*** Provided data ***

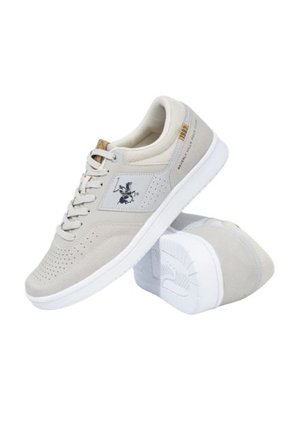 Tenis Beverly Hills Polo Club Element Beige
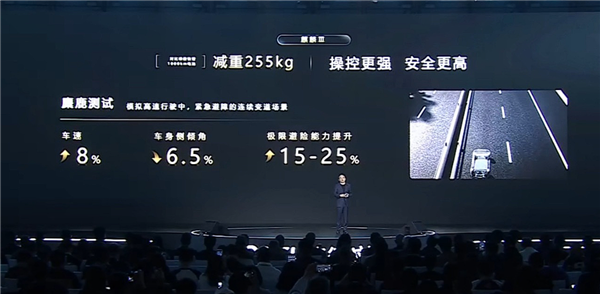 宁德时代：25万以上电车用磷酸铁锂电池算减配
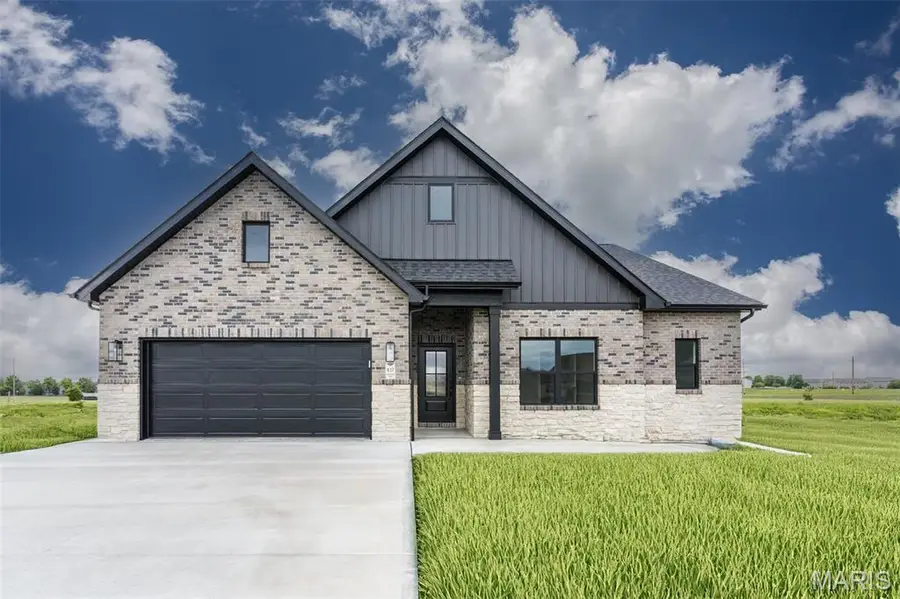 837 Bushwood Way, Caseyville Township, IL 62269 - Image #2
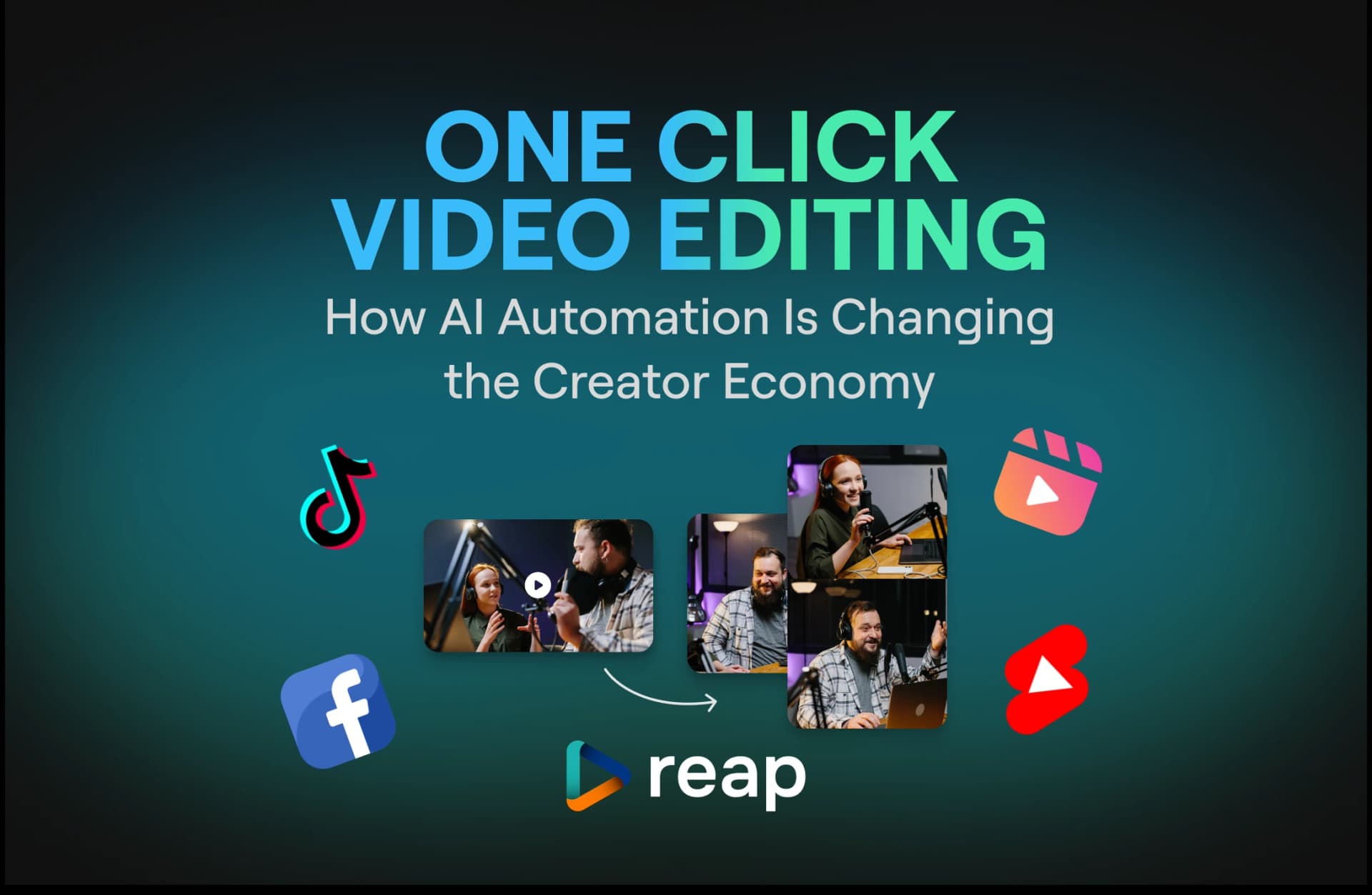 One-Click Video Creation | AI Beat Video Generator by BeatViz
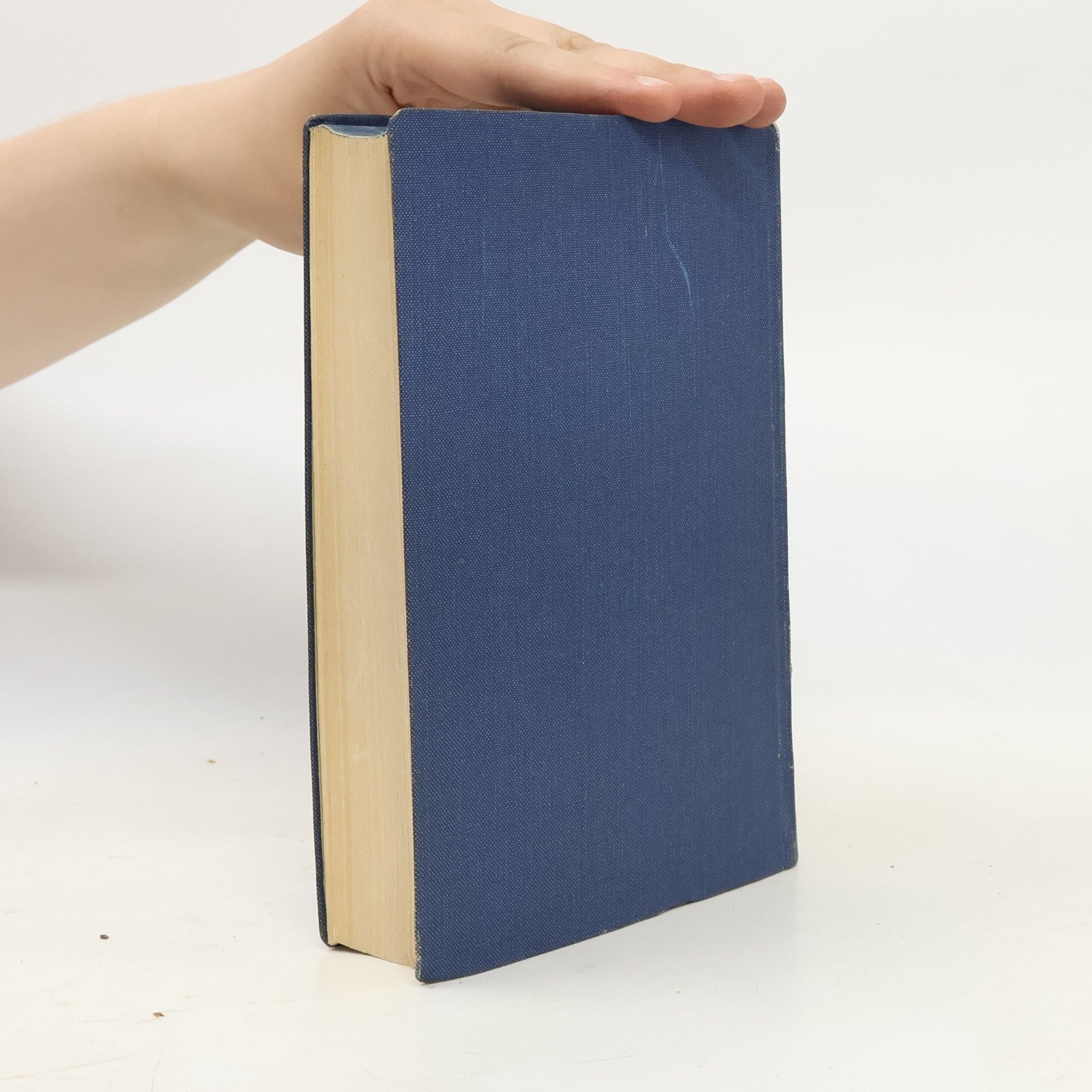 Kolektiv autorů "Hütte" des ingenieurs Taschenbuch. Abteilung II.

***

Verbatim reproduction of every entry is needed, with the images left out.

> _Reply_
 Tenis Beverly Hills Polo Club Element Beige
 宁德时代：25万以上电车用磷酸铁锂电池算减配
 837 Bushwood Way, Caseyville Township, IL 62269 - Image #2
 One-Click Video Creation | AI Beat Video Generator by BeatViz
 Kolektiv autorů "Hütte" des ingenieurs Taschenbuch. Abteilung II.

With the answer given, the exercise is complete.